Records shown:
----

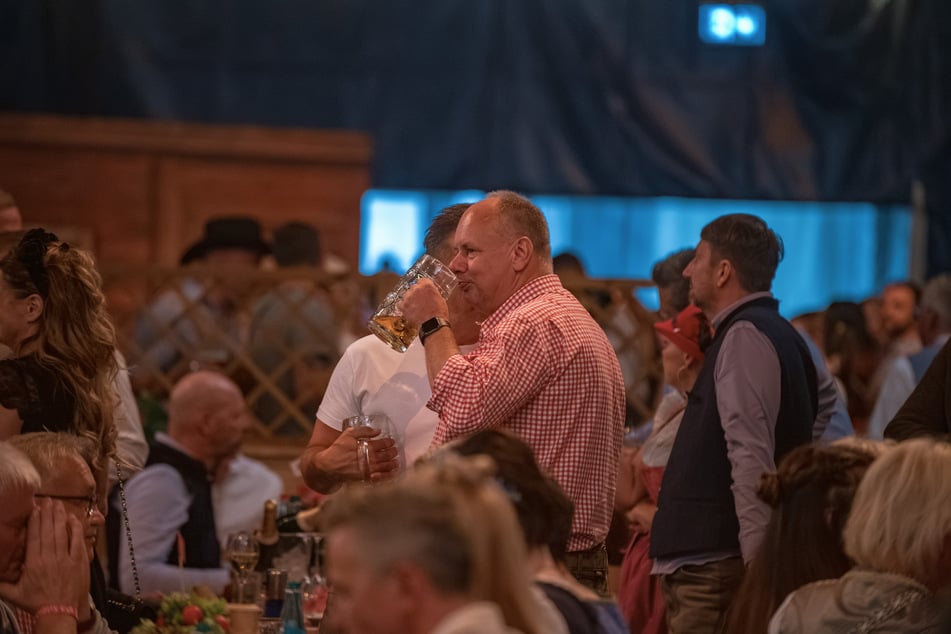 Prost! Nach dem Fassanstich ließ es sich OB Dirk Hilbert (54, FDP) gut gehen.
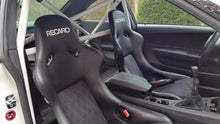 Laden Sie das Bild in den Galerie-Viewer, Short Shifter V2 Aluminium Schwarz eloxiert BMW Short Shifter Shortshifter für E30 E36 E46 E8x E9x F-Modelle Staubschutz Dustboot für dein Performance Fahrzeuge - am besten gleich mitbestellen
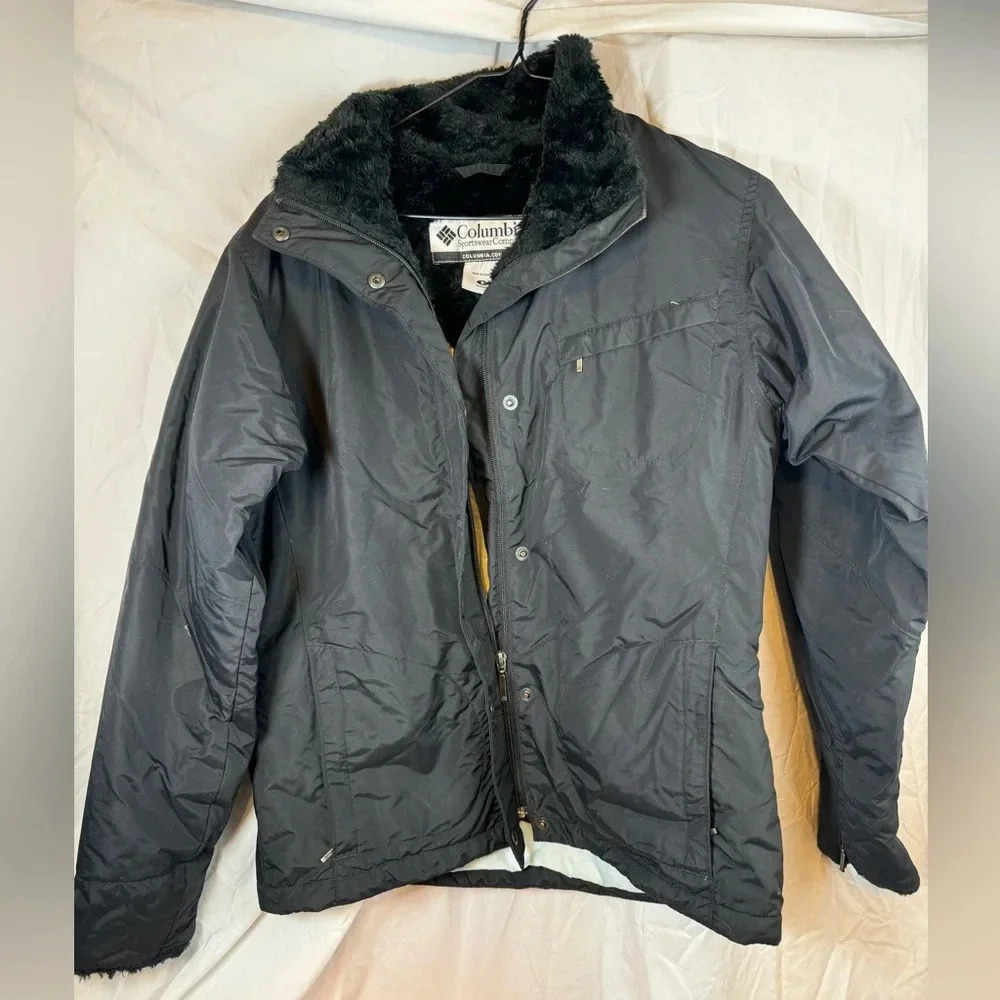 Women’s COLUMBIA SIZE S  BLACK FULL ZIP OUTDOOR FAUX FUR  LINED Winter JACKET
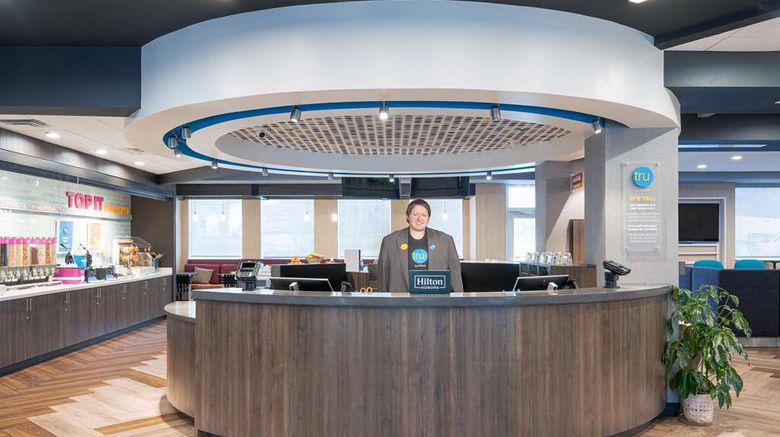 <b>Tru by Hilton Knoxville North Lobby</b>. Images powered by <a href="https://iceportal.shijigroup.com/" title="IcePortal" target="_blank">IcePortal</a>.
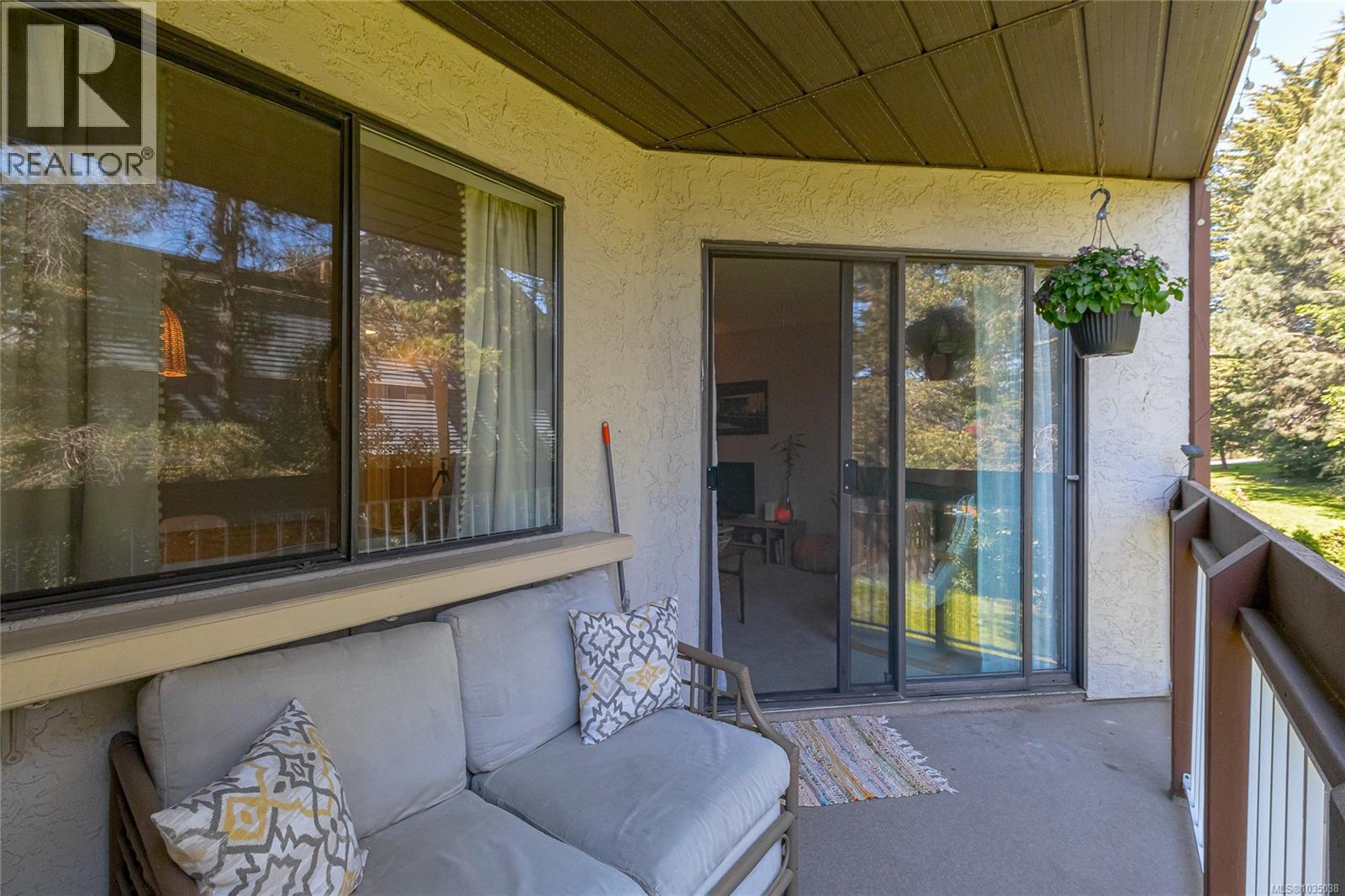 303 69 Gorge Rd W, Saanich, British Columbia  V9A 1L9 - Photo 26 - 1035038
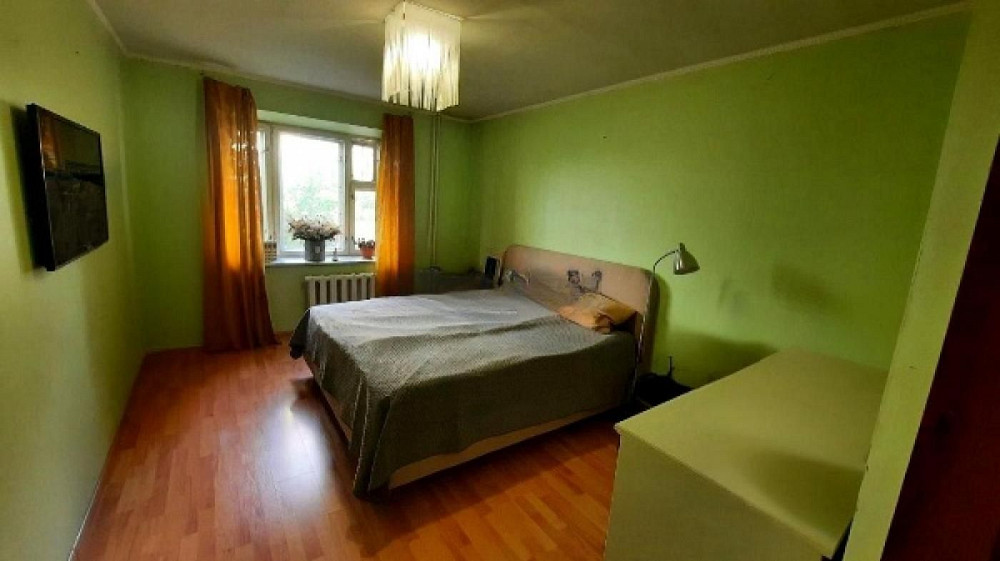 Простора 2-кімнатна квартира 74 м² вул. Вишняківська 5-Б Киев - изображение 1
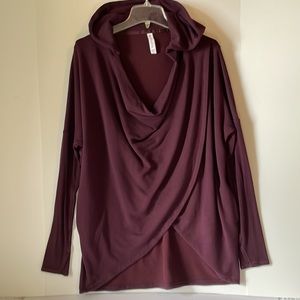 Athleta Women's Size Medium Sweatshirt with hood Oversized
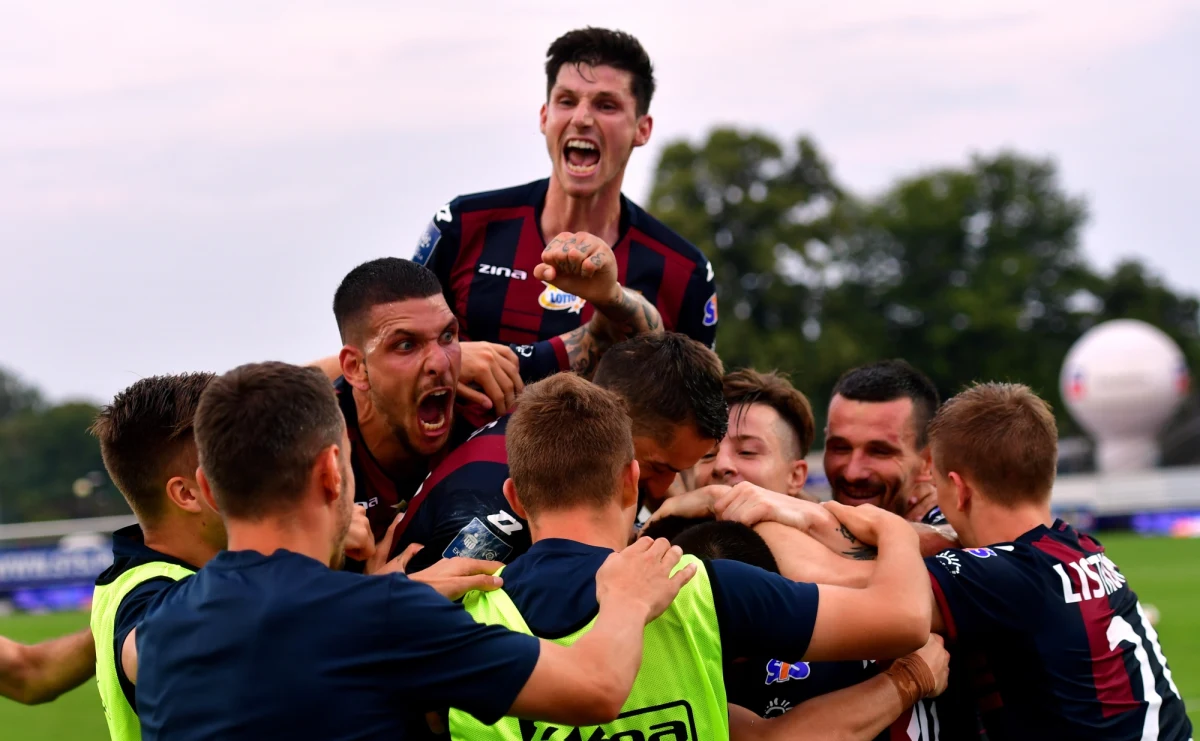 Pogoń Szczecin pokonała Arkę Gdynia 2:0 i po dwóch kolejkach szczecinianie są liderem tabeli, zaś gdynianie ciągle pozostają na jej dnie. „Wygraliśmy w Warszawie, ale z Arką chcemy zagrać lepszy mecz” – zapowiadał trener "Portowców" 
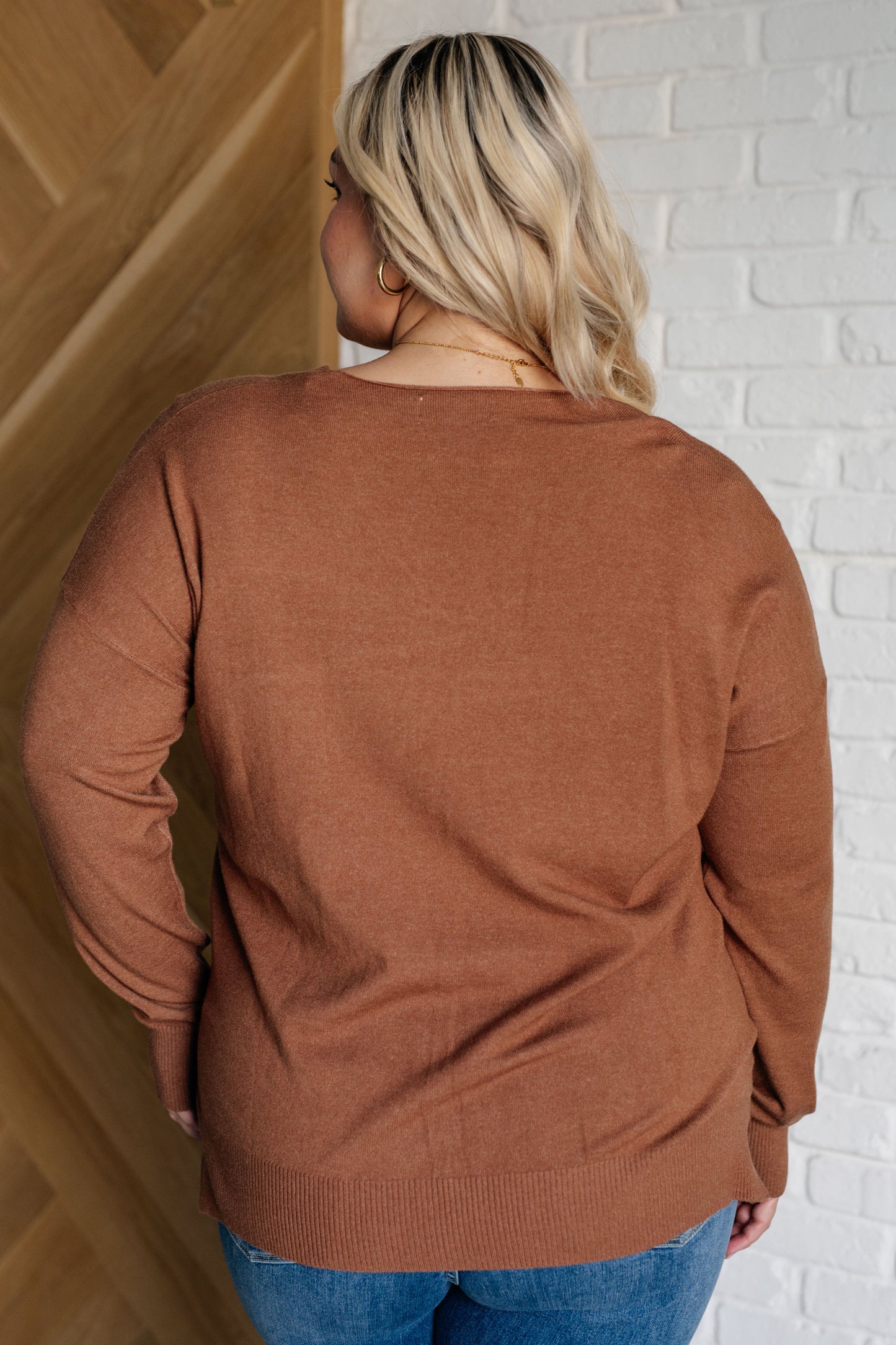 Beata® | V-neck sweater with front seam in deep camel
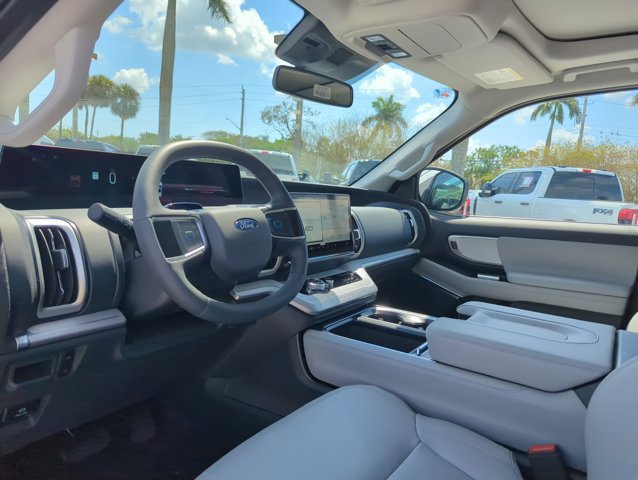 New 2026 Ford Expedition Active RWD image 3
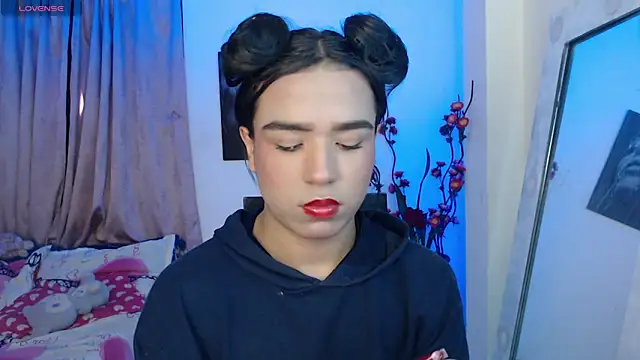 Snapshot of Candyy_doll__ chatting on March 13, 7:42 pm Candyy doll online show from March 13, 7:42 pm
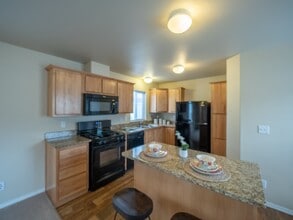 Four Seasons in Anchorage, AK - Building Photo - Building Photo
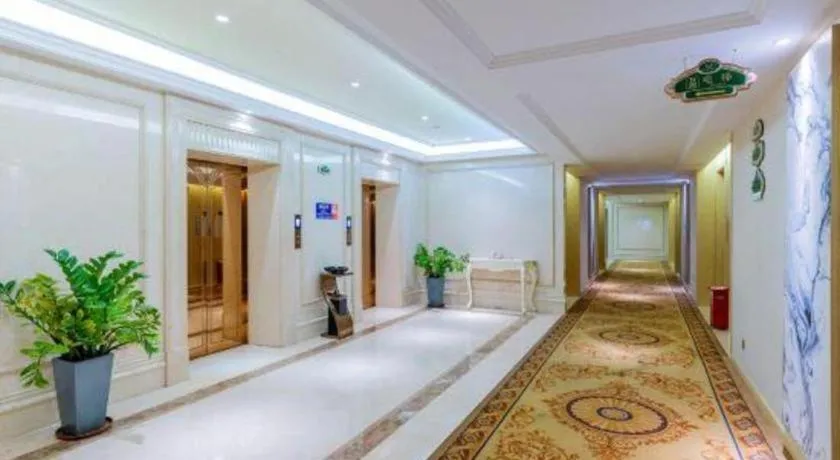 Bed in Vienna Hotel Guangdong Zhongshan Xiaolan High-Speed Railway Station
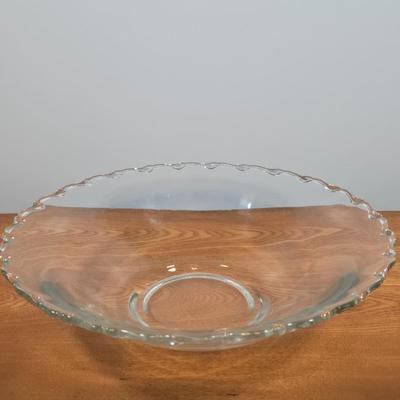 LOT 149: Vintage Ivy Etched Boopie Base Cocktail Glasses, Etched Glass Pilsner Glasses, Vintage Fostoria Century Glass Bowl Flared...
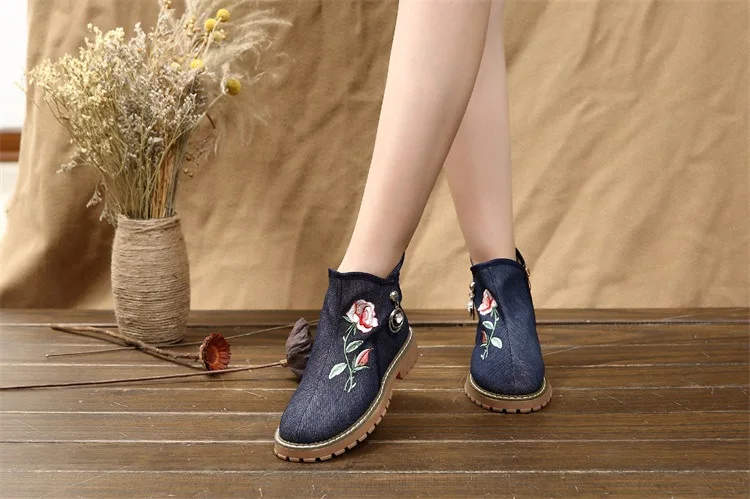 National Women's Boots Embroidered Shoes Autumn Winter Ladies Snow Boots Retro Cotton Fabric Short Plush Boots Shoes Big Size 40 (15)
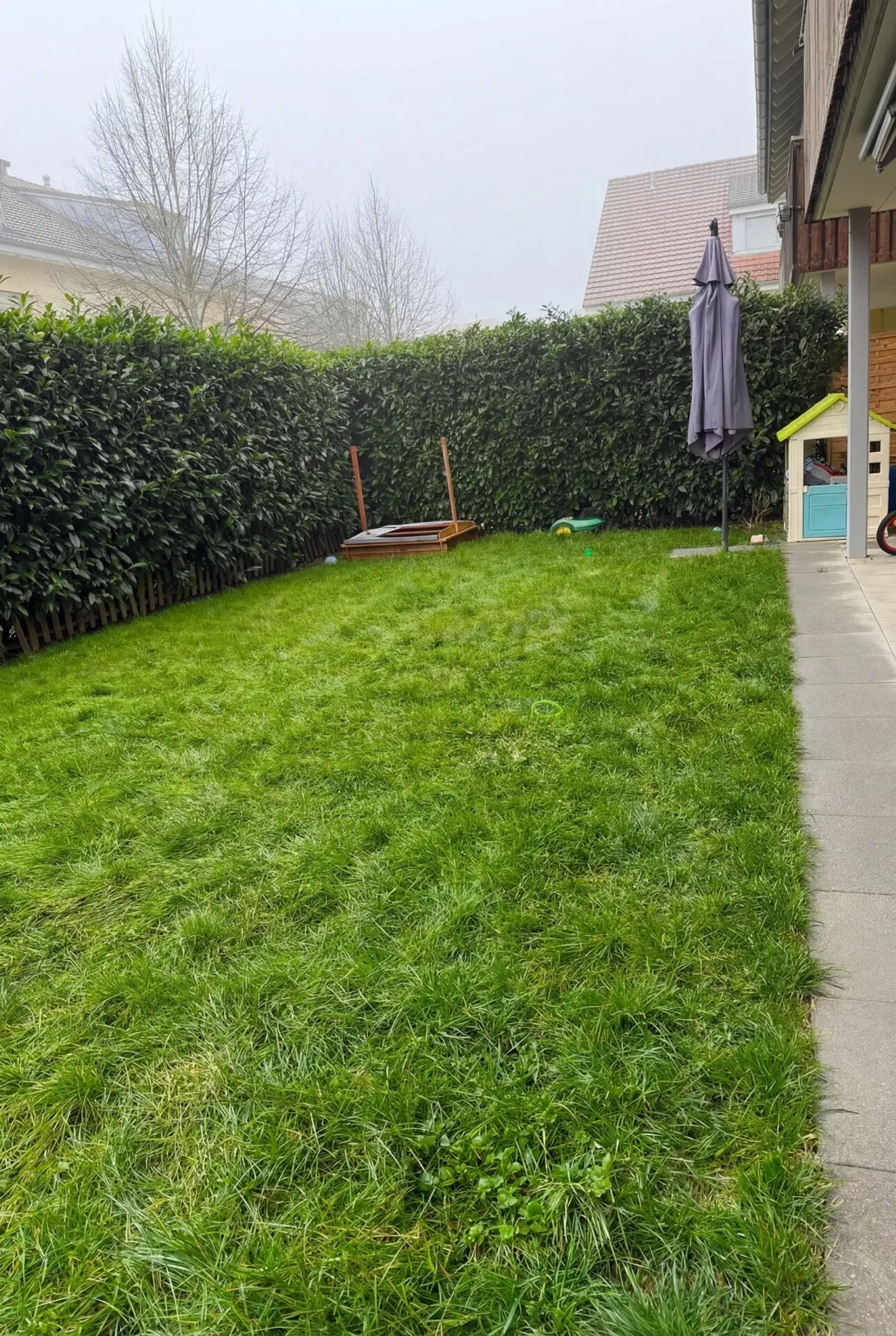 Appartamento giardino moderno, luminoso e attraente di 4,5 stanze - Foto 8 di 8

----

Assignment:
Print every record above exactly as written, leaving out the pictures.

Response area:
 Prost! Nach dem Fassanstich ließ es sich OB Dirk Hilbert (54, FDP) gut gehen.
 Laden Sie das Bild in den Galerie-Viewer, Short Shifter V2 Aluminium Schwarz eloxiert BMW Short Shifter Shortshifter für E30 E36 E46 E8x E9x F-Modelle Staubschutz Dustboot für dein Performance Fahrzeuge - am besten gleich mitbestellen
 Women’s COLUMBIA SIZE S  BLACK FULL ZIP OUTDOOR FAUX FUR  LINED Winter JACKET
 <b>Tru by Hilton Knoxville North Lobby</b>. Images powered by <a href="https://iceportal.shijigroup.com/" title="IcePortal" target="_blank">IcePortal</a>.
 303 69 Gorge Rd W, Saanich, British Columbia  V9A 1L9 - Photo 26 - 1035038
 Простора 2-кімнатна квартира 74 м² вул. Вишняківська 5-Б Киев - изображение 1
 Athleta Women's Size Medium Sweatshirt with hood Oversized
 Pogoń Szczecin pokonała Arkę Gdynia 2:0 i po dwóch kolejkach szczecinianie są liderem tabeli, zaś gdynianie ciągle pozostają na jej dnie. „Wygraliśmy w Warszawie, ale z Arką chcemy zagrać lepszy mecz” – zapowiadał trener "Portowców" 
 Beata® | V-neck sweater with front seam in deep camel
 New 2026 Ford Expedition Active RWD image 3
 Snapshot of Candyy_doll__ chatting on March 13, 7:42 pm Candyy doll online show from March 13, 7:42 pm
 Four Seasons in Anchorage, AK - Building Photo - Building Photo
 Bed in Vienna Hotel Guangdong Zhongshan Xiaolan High-Speed Railway Station
 LOT 149: Vintage Ivy Etched Boopie Base Cocktail Glasses, Etched Glass Pilsner Glasses, Vintage Fostoria Century Glass Bowl Flared...
 National Women's Boots Embroidered Shoes Autumn Winter Ladies Snow Boots Retro Cotton Fabric Short Plush Boots Shoes Big Size 40 (15)
 Appartamento giardino moderno, luminoso e attraente di 4,5 stanze - Foto 8 di 8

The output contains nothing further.